• Data for this task
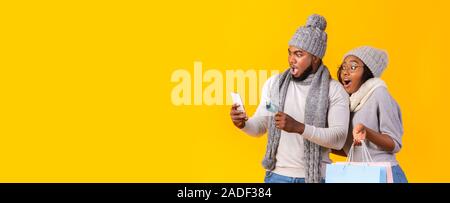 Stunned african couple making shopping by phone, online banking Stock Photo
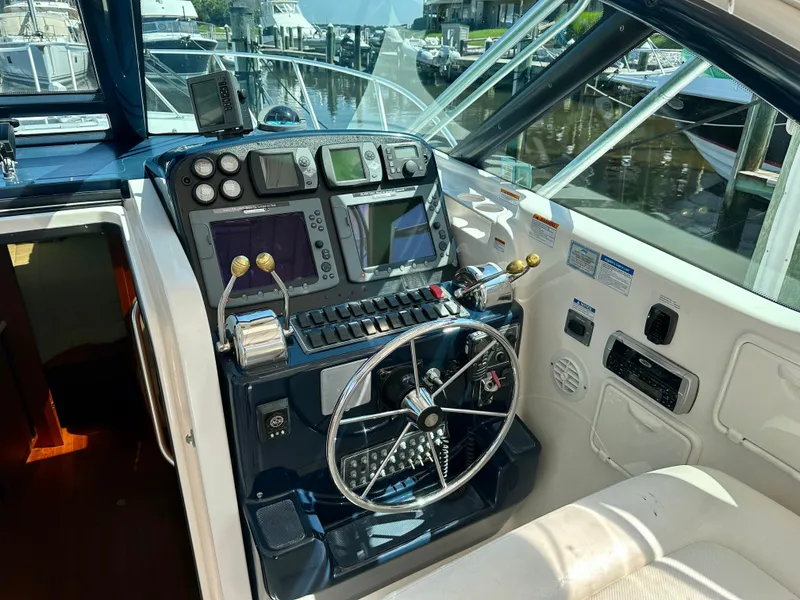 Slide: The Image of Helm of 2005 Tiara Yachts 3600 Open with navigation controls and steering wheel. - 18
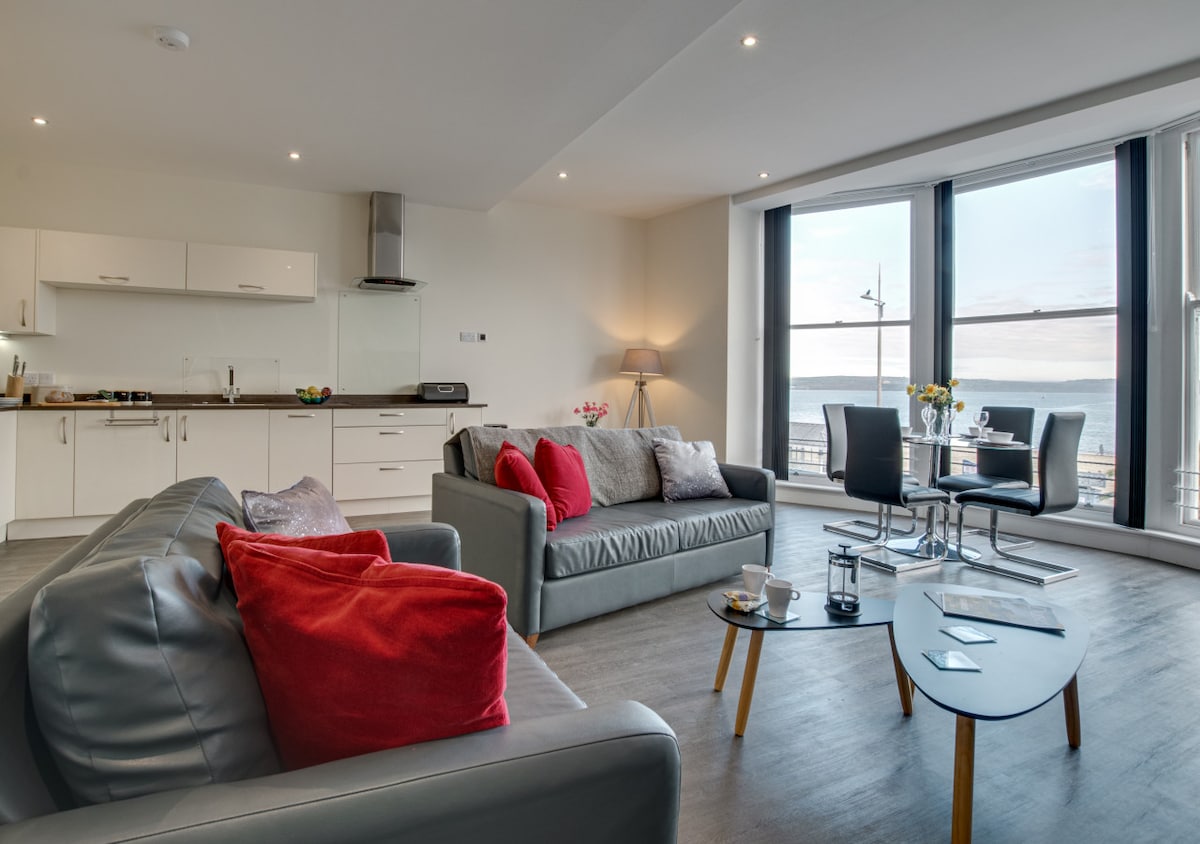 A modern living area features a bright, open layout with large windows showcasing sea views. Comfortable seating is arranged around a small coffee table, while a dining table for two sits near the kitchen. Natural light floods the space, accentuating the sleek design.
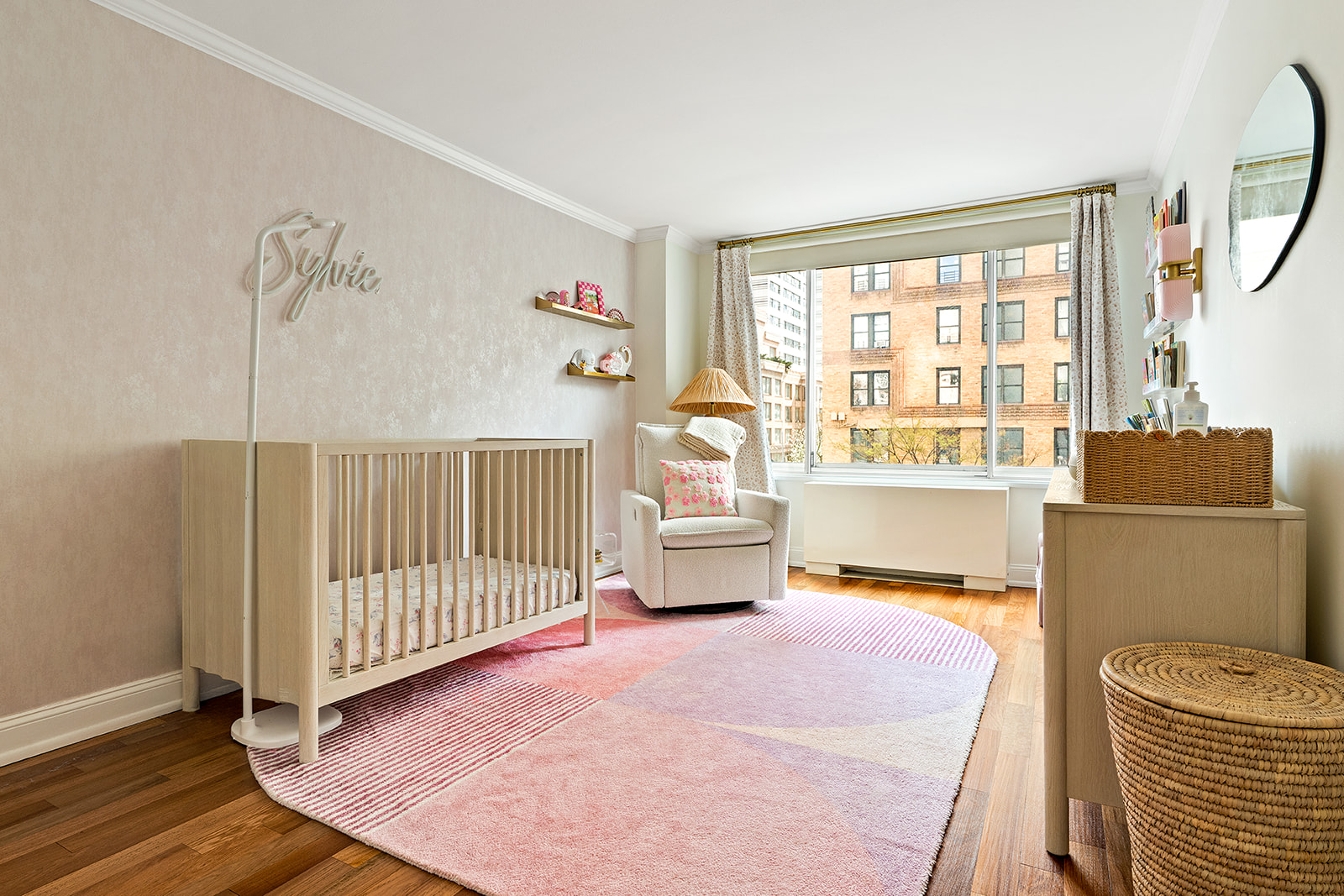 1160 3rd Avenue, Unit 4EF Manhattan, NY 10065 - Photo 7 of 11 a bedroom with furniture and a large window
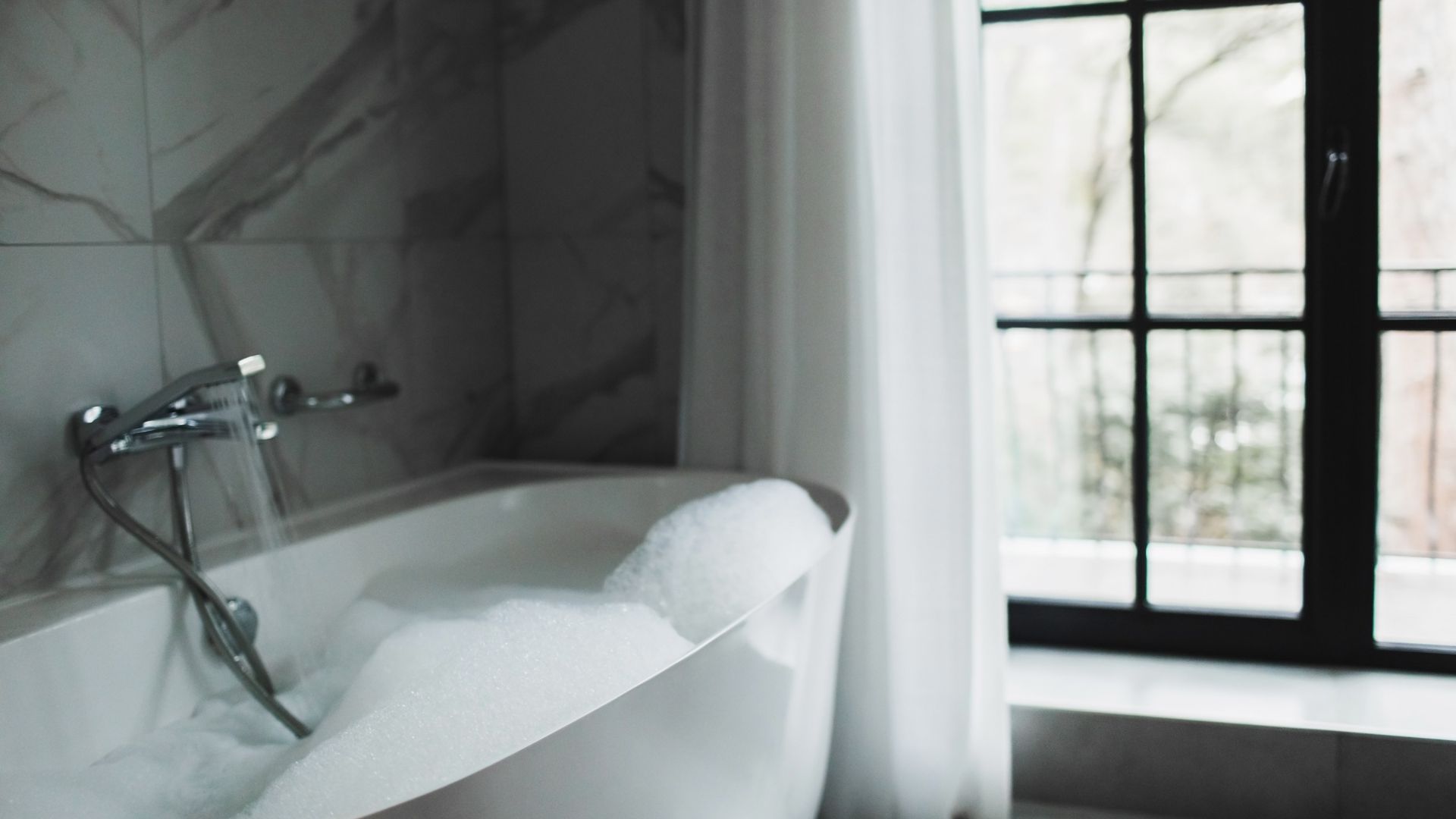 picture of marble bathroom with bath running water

• Problem description
Reproduce the lines from the line with "Slide: The Image" through the last line of the entries exactly, including both ends and excluding pictures.

• Response
 Slide: The Image of Helm of 2005 Tiara Yachts 3600 Open with navigation controls and steering wheel. - 18
 A modern living area features a bright, open layout with large windows showcasing sea views. Comfortable seating is arranged around a small coffee table, while a dining table for two sits near the kitchen. Natural light floods the space, accentuating the sleek design.
 1160 3rd Avenue, Unit 4EF Manhattan, NY 10065 - Photo 7 of 11 a bedroom with furniture and a large window
 picture of marble bathroom with bath running water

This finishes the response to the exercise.